Christmas miracle needed as signs point to recession


RETAILERS are hoping strong spending in the lead-up to Christmas will boost the coffers as the latest trade figures revealed the sector remains in a slump.

Australian retail turnover rose 0.2 per cent in September, seasonally adjusted, according to the latest Australian Bureau of Statistics retail trade figures.

It is softer than expected, with the retail sector hoping the government's $1080 tax rebate for low and middle income earners, released in July, would stimulate the sector.

Rises were recorded in other retailing (0.8 per cent), cafes and restaurants (0.6 per cent), and food retailing (0.1 per cent).

The rises were slightly offset by a fall in clothing, footwear and personal accessory retailing (-0.5 per cent) and department stores (-0.2 per cent).

Household goods (0.0 per cent) was relatively unchanged.

Queensland, at -0.1 per cent, fell in seasonally adjusted terms in September 2019.

Online retail turnover contributed 6.3 per cent to total retail turnover in original terms in September, up from 5.6 per cent at the same time in 2018.


National Retail Association boss Dominique Lamb. Pic: Peter Wallis
National Retail Association boss Dominique Lamb. Pic: Peter Wallis


National Retail Association CEO Dominique Lamb said while the figures were not "disastrous", they were expected to be higher for the month.

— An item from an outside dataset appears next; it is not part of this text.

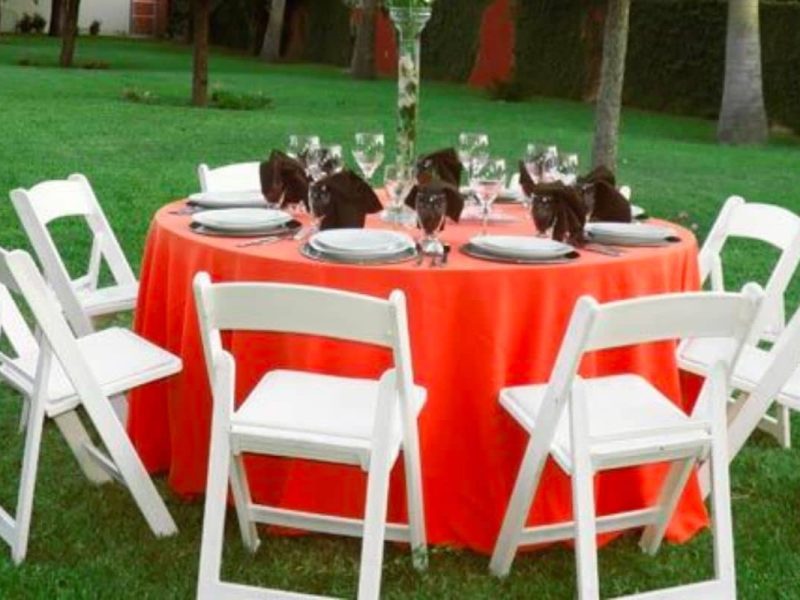 Paquete De Mesa Con 10 Sillas Avant Garden Blancas Y Mantel En Renta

"Measures such as tax cuts and reductions to interest rates have already been implemented, but clearly we're still yet to see retail sales rebound like we would have hoped," she said.

"Options that should be explored to stimulate sales include fast-tracking tax cuts due to come into effect in the coming years, government spending and even a further cut by the RBA to the cash rate."

In annual terms, retail trade volumes fell by 0.2 per cent, the first negative movement since 1991, during Australia's last recession.

Ernst & Young chief economist Jo Masters said the "disappointing" September sales showed consumers remained cautious despite the government's tax offset and record-low interest rates.

"Australian households are yet to respond to the turnaround in housing combined with the stimulus from rate cuts and the low and middle-income tax offset," she said.

"Indeed, it appears that households are spending less of the stimulus than we would typically expect.

"The RBA's forecast assumes about half is spent, but this looks optimistic."


Jo Masters is chief economist at EY Oceania.
Jo Masters is chief economist at EY Oceania.

Ms Masters said while increased spending may still emerge, Christmas spending "now becomes critical".

While many Australians have lodged tax returns earlier than usual, the average rebate has risen by around $420, as increased scrutiny around deductions works to offset the rebate.

Ms Masters said quarter three's GDP would start from a weak base, with retail trade making up about 30 per cent of consumption.